# 2. Word embedding model training

Following approach in [tutorial](https://rare-technologies.com/word2vec-tutorial/).

In [None]:
import logging
logging.basicConfig(format='%(asctime)s : %(levelname)s : %(message)s', level=logging.INFO)

Preprocessing involves tokenising (gensim uses `(((?![\d])\w)+)` regex), stopword removal (see below). 

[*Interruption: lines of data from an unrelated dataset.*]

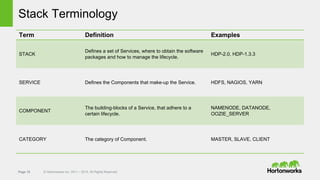 Page 15 © Hortonworks Inc. 2011 – 2015. All Rights Reserved
Stack Terminology
Term Definition Examples
STACK
Defines a set of Services, where to obtain the software
packages and how to manage the lifecycle.
HDP-2.0, HDP-1.3.3
SERVICE Defines the Components that make-up the Service. HDFS, NAGIOS, YARN
COMPONENT
The building-blocks of a Service, that adhere to a
certain lifecycle.
NAMENODE, DATANODE,
OOZIE_SERVER
CATEGORY The category of Component. MASTER, SLAVE, CLIENT
 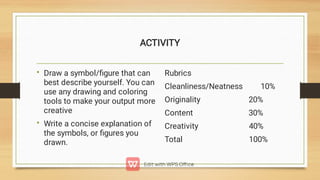 ACTIVITY
•
•
Draw a symbol/ﬁgure that can
best describe yourself. You can
use any drawing and coloring
tools to make your output more
creative
Write a concise explanation of
the symbols, or ﬁgures you
drawn.
Rubrics
Cleanliness/Neatness 10%
Originality 20%
Content 30%
Creativity 40%
Total 100%
 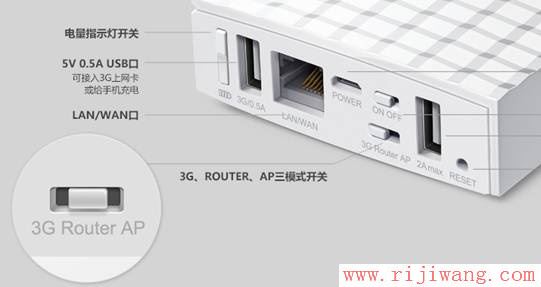 TP-Link路由器设置,melogin.cn,路由器登录,路由器192.168.1.1,d link 初始密码,网络ssid是什么意思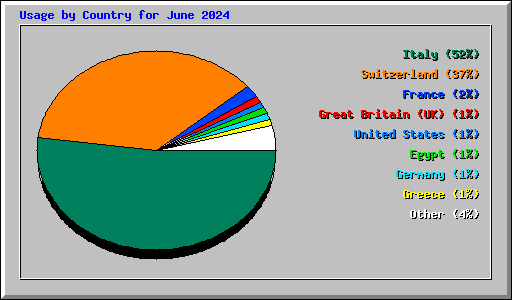 Usage by Country for June 2024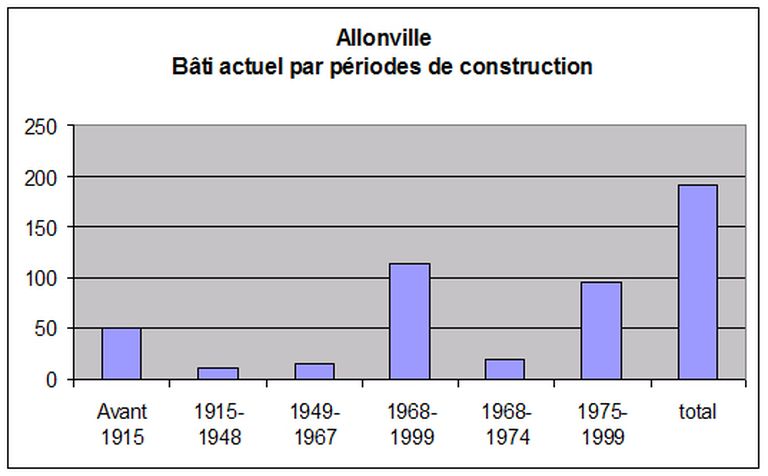 Bâti actuel par périodes de construction (INSEE 1999).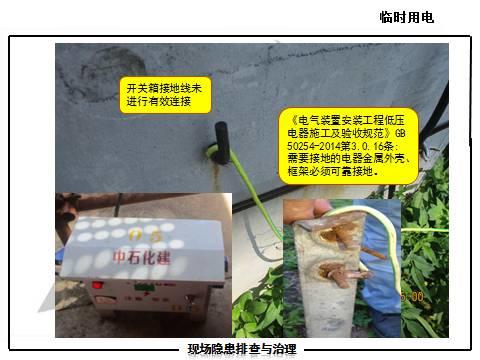 现场隐患怎么查？这里有133张PPT，有图有依据！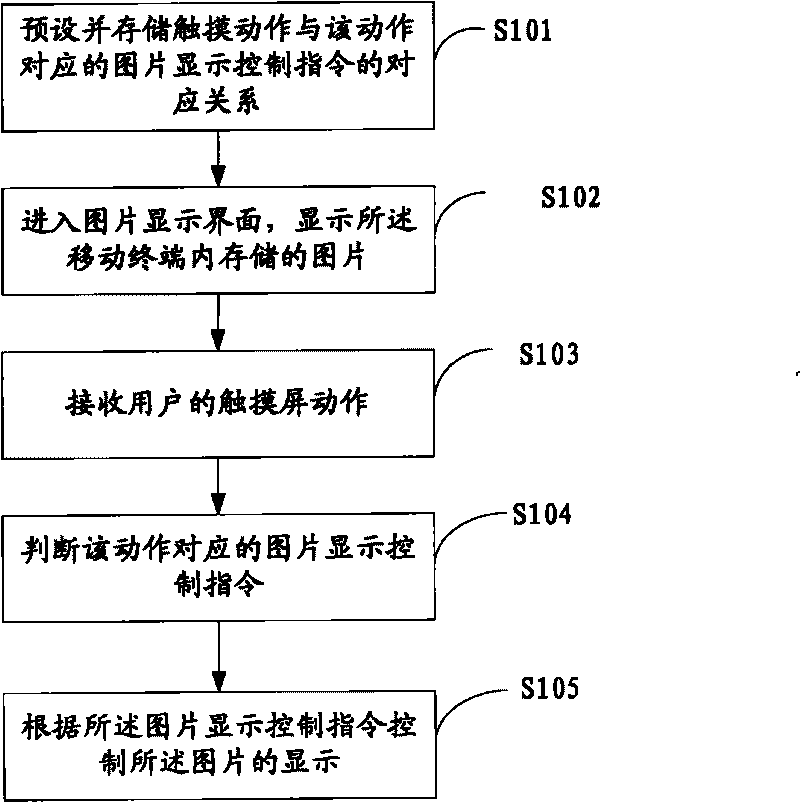 Method and device for controlling picture display at mobile terminal of touch screen, and mobile terminal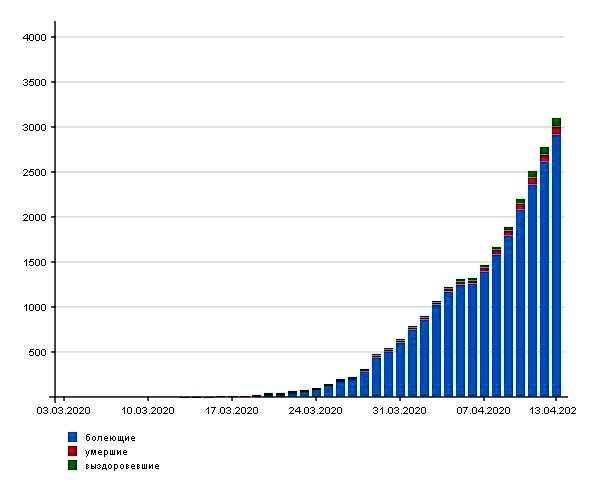 Рост числа инфицированных коронавирусом SARS-Cov-2 в Украине по состоянию на 13 апреля 2020 г. 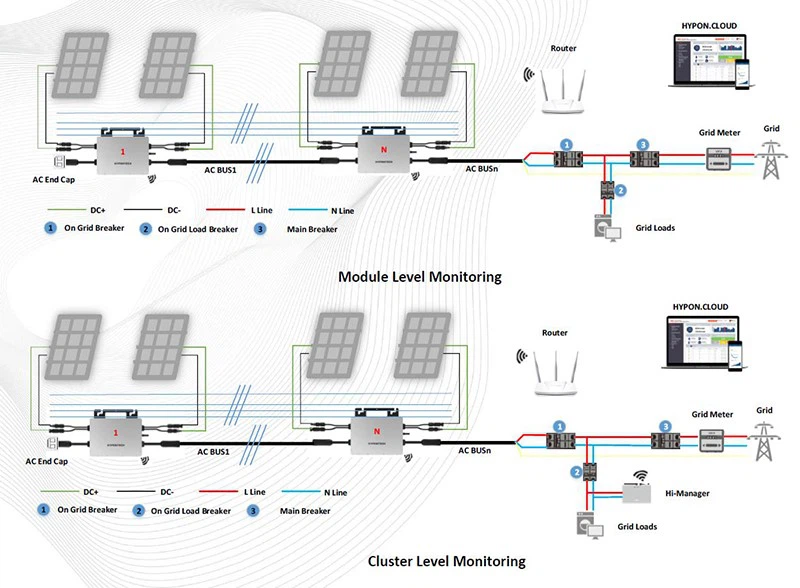 HMS-600-800W Monitor system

No stemming/lemmatisation needed for now. Null value removal isn't necessary because regex sorts everything out.

In [None]:
from gensim.parsing.preprocessing import remove_stopword_tokens
from gensim.test.utils import datapath
from gensim import utils

In [None]:
STOPWORDS = """
a about above across after afterwards again against all almost alone along already also although always am among amongst an and another any anyhow anyone anything anyway anywhere are around as at back be
became because become becomes becoming been before beforehand being beside besides between beyond both bottom but by call can
cannot cant co con could couldnt cry de
did didn do does doesn doing don done down due during
each eight eg either eleven else elsewhere enough etc even ever every everyone everything everywhere except few fifteen
fifty fill find for former formerly forty found four from front full further get give go
had has hasnt have hence here hereafter hereby herein hereupon how however hundred i ie
if in inc indeed into is it its itself keep last latter latterly least less ltd
just
kg km
made make many may me meanwhile might mill mine more moreover most mostly move much must my myself name namely
neither never nevertheless next nine no nobody none noone nor not nothing now nowhere of off
often on once one only onto or other others otherwise our ours ourselves out over own part per
perhaps please put rather re
quite
rather really regarding
same say see seem seemed seeming seems several should show side since sincere six sixty so some somehow someone something sometime sometimes somewhere still such take ten
than that the then thence there thereafter thereby therefore therein thereupon these third this those though three through throughout thru thus to together too top toward towards twelve twenty two un under
until up unless upon us used using
various very via
was we well were what whatever when whence whenever where whereafter whereas whereby wherein whereupon wherever whether which while whither who whoever whole whom whose why will with within without would yet you
your yours yourself yourselves

lrb rrb lcb rcb lsb rsb
"""
STOPWORDS = frozenset(w for w in STOPWORDS.split() if w)

In [None]:
class TrainingCorpus:
    def __iter__(self):
        corpus_path = datapath('/Users/andrew.wang/Documents/academy/project/kainosRecruitmentApi-TeamA/ai/data/corpus/dataset_wikibios_merged.txt')
        for line in open(corpus_path):
            tokens = utils.simple_preprocess(line)
            tokens = remove_stopword_tokens(tokens, stopwords=STOPWORDS)
            yield tokens

Test tokenizer

In [None]:
corpus = TrainingCorpus()
for i,sentence in enumerate(corpus):
    print(sentence)
    if i==5: break

Train embedding model

In [None]:
from gensim.models import Word2Vec

In [None]:
corpus = TrainingCorpus()

Default epochs is 5, this takes ~ 10 minutes

In [None]:
model = Word2Vec(sentences=corpus, workers=4)

In [None]:
model.save("models/word2vec_wikibios_merged.pt")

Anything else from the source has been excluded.